Employees get a percentage of the restaurant’s income based on their weekly hours, Kalathil added.
“As we hire new folks, we do have a range of hourly rates,” Pak said. “But instead of tip share, we call it a revenue share.”
“It’s almost like a co-op for our employees,” Kalathil said.
But that doesn’t mean diners still don’t want to tip, as with one couple recently.
“At the beginning of their meal they’re like, ‘What? We can’t tip? We want to tip,’” Kalathil said. “They were like, ‘It’s up to the patron to decide whether or not to tip.’ And my answer when he said that was, ‘Well, we want our employees to get a fair wage, regardless of if patrons decide to tip or not, which is the reason why we are not letting you tip and we pay our employees.’
“I think they were a little taken aback when I said that, but by the end of the meal, they were absolutely loving everything,” he continued. “Basically, we don’t want our employees to be at the mercy of the customers, whether they tip well or not.”
And diners still do leave a lot of cash tips.
“We talk to our employees and ask what they want to do with it,” Kalathil said. “And their answer was caffeine, maybe a little bit of beer, and they also funded our three-month celebration.”

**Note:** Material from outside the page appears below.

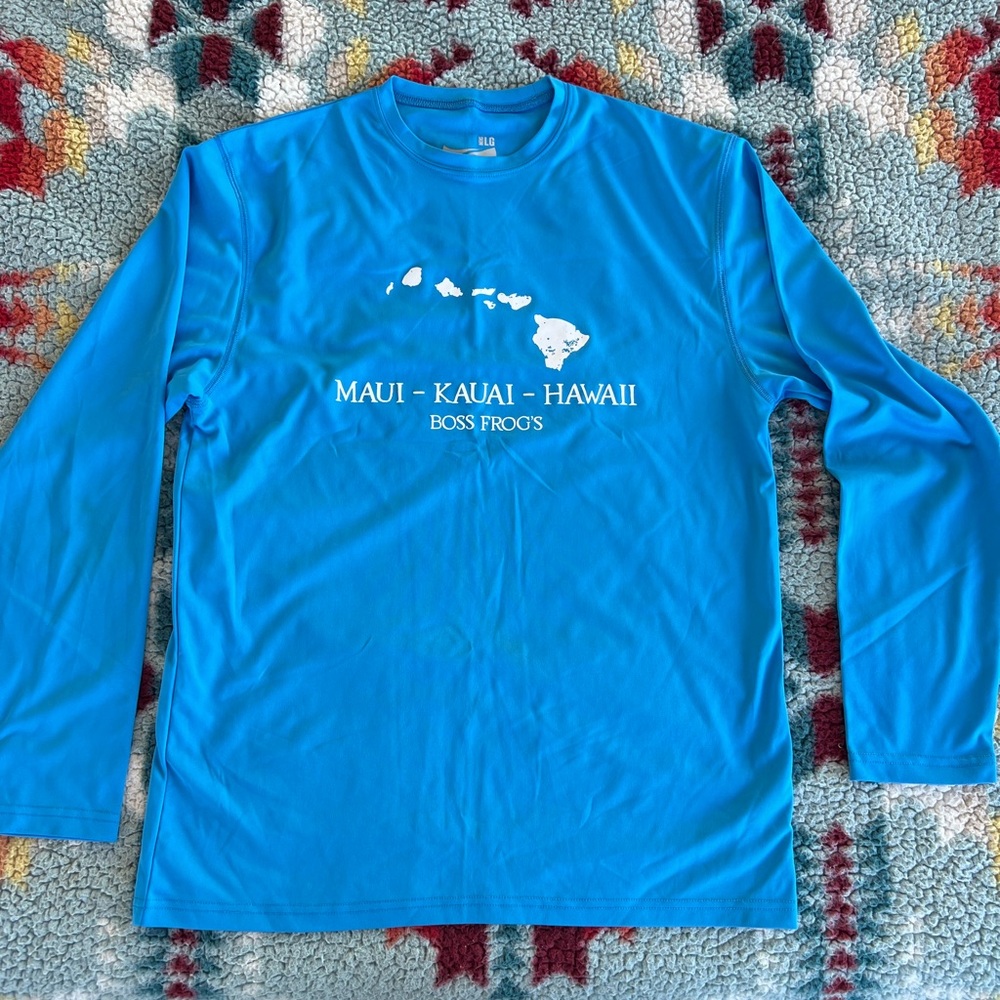 Men’s Boss Frog’s Long Sleeve UPF 50+ rash guard/swim shirt, size large.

“It was literally made possible from all of our guests that don’t listen to us,” Pak said, laughing.
It seems so simple at Thattu, yet remains so complicated and fraught with emotion and politics elsewhere.

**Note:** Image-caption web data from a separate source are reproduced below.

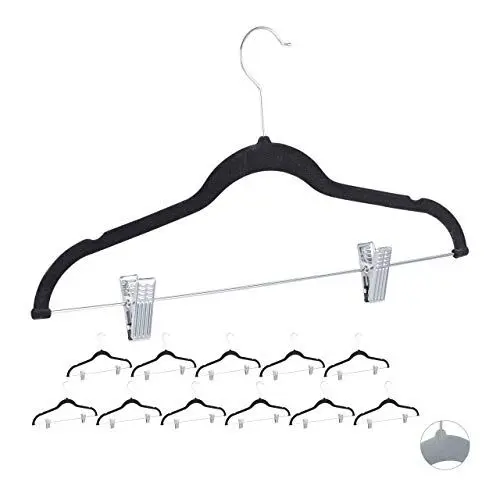 Produktbild: Relaxdays, schwarz Samtbügel mit Clips 12er Set, 360° drehbarer Haken, Hosenbügel, rutschfeste Hemdenbügel, 43 cm breit, Metall, Samt, 10024379_46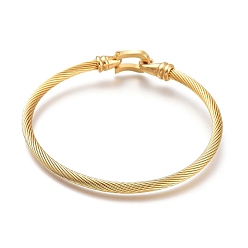 Golden 304 Stainless Steel Bangles, with Hook and S-Hook Clasps, Twist, Golden, 2-1/4 inch(5.6cm)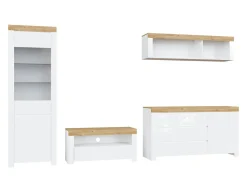 Stuemøbelsæt Sonsoru 144 (Hvid + Glansfuld hvid + Wotan eg)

Perhaps it’s because the whole endeavor is a culmination of choices through lived experience.
Pak worked in finance, then the pharmaceutical industry, and finally a marketing analytics firm, her last office job.
So how does a Korean American woman who started off in the corporate world become the chef of a very personal regional Indian restaurant representing her husband’s culture?
“I grew up loving Korean food,” Pak said. “My mom was an excellent Korean home cook.”
She’s always been an expert eater, she added, but didn’t really start cooking until later in life. Not until she worked in food sales and met so many amazing chefs, including Won Kim at Kimski.
Kim, also Korean American and an artist, painted the graffiti-style murals in Thattu’s loft-like space.
She worked as his prep cook and made a lot of the banchan, the Korean sides she grew up eating.
“But then it was really wild,” Pak said, her voice breaking. She lost her father, and then her mother unexpectedly. Song Won Pak died in March 2017, and Mary Ahn Pak died in May 2018.
At that moment their daughter was cooking Korean food more than she ever had, but it became too hard to continue.
“Thank God I loved Vinod’s cooking so much too,” said the chef. “That’s when I poured everything into it. It was a way to process my grief.”
Through her process, Thattu has become a place of comfort and convictions — not just for Pak and Kalathil, not just for the workers, but for anyone who finds their new home.
Thattu
2601 W. Fletcher St.
773-754-0199
Open: Thursday to Sunday, lunch 11 a.m. to 2:30 p.m., dinner 5-9 p.m.
Eat. Watch. Do.
Prices: lunch, $11-$18; dinner $16-$32
Noise: Conversation-friendly
Accessibility: Wheelchair accessible by entrance in alley, restrooms on single level
Tribune rating: Excellent, 3 stars
Ratings key: Four stars, outstanding; three stars, excellent; two stars, very good; one star, good; no stars, unsatisfactory. Meals are paid for by the Tribune.